I could tell she had a rough day from the way she flopped on the couch. Normally she bursts through the house, says hello to her toys, and shows me what she did at school.
“What’s wrong?” I pressed. I sat down next to her and noticed glitter near her left eye. There’s always glitter on some part of her body thanks to her glittery dress/shoes/shirts…she also likes to play with actual glitter, much to my chagrin. I once found her flinging it in the air and dancing in it as it came down.
“It’s raining pixie dust!” she had informed me gleefully. She looked so happy that I didn’t even chastise her.
Now she wasn’t happy. Her lower lip was puffed out and she buried her face into the couch pillow.

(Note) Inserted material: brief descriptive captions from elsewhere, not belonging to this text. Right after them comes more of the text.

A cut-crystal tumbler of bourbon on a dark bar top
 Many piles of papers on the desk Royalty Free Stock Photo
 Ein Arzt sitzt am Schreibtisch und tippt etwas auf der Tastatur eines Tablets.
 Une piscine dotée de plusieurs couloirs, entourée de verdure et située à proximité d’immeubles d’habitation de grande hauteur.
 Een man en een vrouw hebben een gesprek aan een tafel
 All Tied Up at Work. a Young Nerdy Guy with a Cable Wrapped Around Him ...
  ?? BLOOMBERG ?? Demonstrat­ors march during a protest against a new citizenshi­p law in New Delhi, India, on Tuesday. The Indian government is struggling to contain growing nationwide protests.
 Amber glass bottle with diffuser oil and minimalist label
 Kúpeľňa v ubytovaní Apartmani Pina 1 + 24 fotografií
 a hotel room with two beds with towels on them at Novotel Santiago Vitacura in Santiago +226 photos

“Fklsdfjklj,” she muttered, her voice muffled by the fabric.
She sniffled and looked up. “He broke my heart!” Then her face disappeared into the pillow again. Her tiny body started to shake and I sat there, baffled.
Broke her heart?
She was FIVE!
She still wore cartoon underpants and believed that glitter was pixie dust!
Who was HE?
“Who broke your heart?” I asked. How was I already dealing with this? Teenage years I could comprehend. But Kindergarten?
“Matthew,” she whispered, coming up for air.
It’s a boy she loves playing with at school. She’ll randomly say at home, “I wonder if Matthew will think I look pretty in this?” or, “I wonder if Matthew thinks I look pretty with my hair long?” In the morning when I drop her off at school, if she spots Matthew, she’ll flutter her eyelashes at him and wave her fingertips in his direction. He’ll always give her a wide grin and shout, “Hi Natalie!” Sometimes he chases her. She’ll shriek and run away with a wide smile on her face.
And now he broke her heart.
“How did he break your heart?” I wanted to know.
She sighed and rubbed her eyes. “He….wouldn’t chase me today. He IGNORED me!” She looked mortified.
“Boys can be fickle creatures,” I explained. “Especially if they lose a game.” I made a face as I thought of Tom yelling at the computer if someone dared to blow up his tank.
“He doesn’t like me anymore,” she said.
“I’m sure that’s not true,” I promised.
I managed to cheer her up by making a face out of apples and raisins. She might be a dramatic child, but small things like a face from food still amuse her.
The next day after school she seemed happier.
“Matthew and I are back together!” she announced and I nearly fell over. “He broke my heart but he didn’t today!”
“Back together?” I repeated as though it were a dirty word. “You’re only 5! I still wipe your butt after you poop!”
Natalie gave me a Look.
“We’re FRIENDS!” she said as though I were a complete idiot.
Okay. Friends who got back together. Cool.
She and Matthew seem to be okay again. She hasn’t come home all sad and broken hearted.
But guys? I’m scared. If she’s this dramatic about boys at the age of FIVE…imagine how she’ll behave at FIFTEEN.